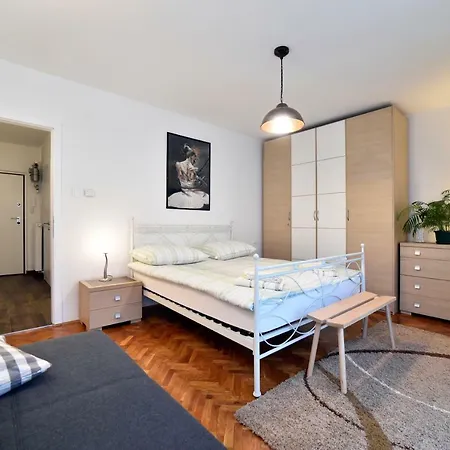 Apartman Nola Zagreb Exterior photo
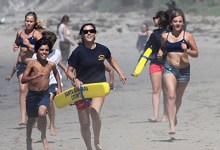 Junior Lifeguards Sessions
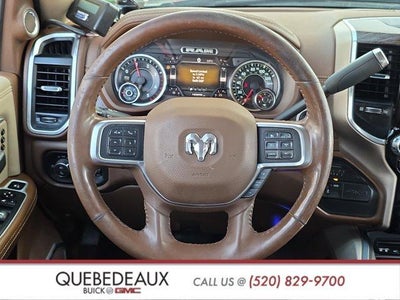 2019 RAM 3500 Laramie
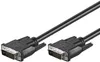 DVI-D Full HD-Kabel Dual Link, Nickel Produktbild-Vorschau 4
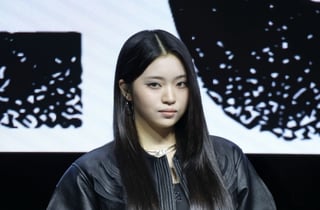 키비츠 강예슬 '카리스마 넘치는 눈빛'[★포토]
---
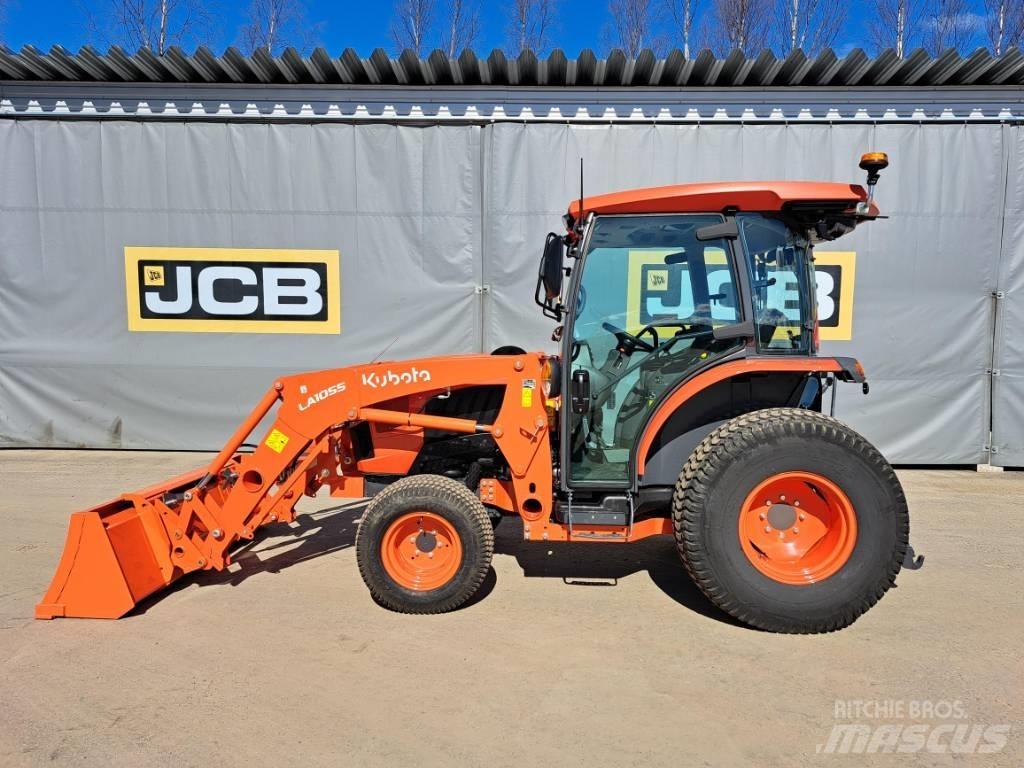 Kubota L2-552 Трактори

▶ Task to carry out: Nothing but the lines above from the line with "Apartman Nola Zagreb Exterior photo" up to and including the line with "키비츠 강예슬 '카리스마 넘치는 눈빛'[★포토]" should be returned, exactly as written and without pictures.

▶ Written reply:
 Apartman Nola Zagreb Exterior photo
 Junior Lifeguards Sessions
 2019 RAM 3500 Laramie
 DVI-D Full HD-Kabel Dual Link, Nickel Produktbild-Vorschau 4
 키비츠 강예슬 '카리스마 넘치는 눈빛'[★포토]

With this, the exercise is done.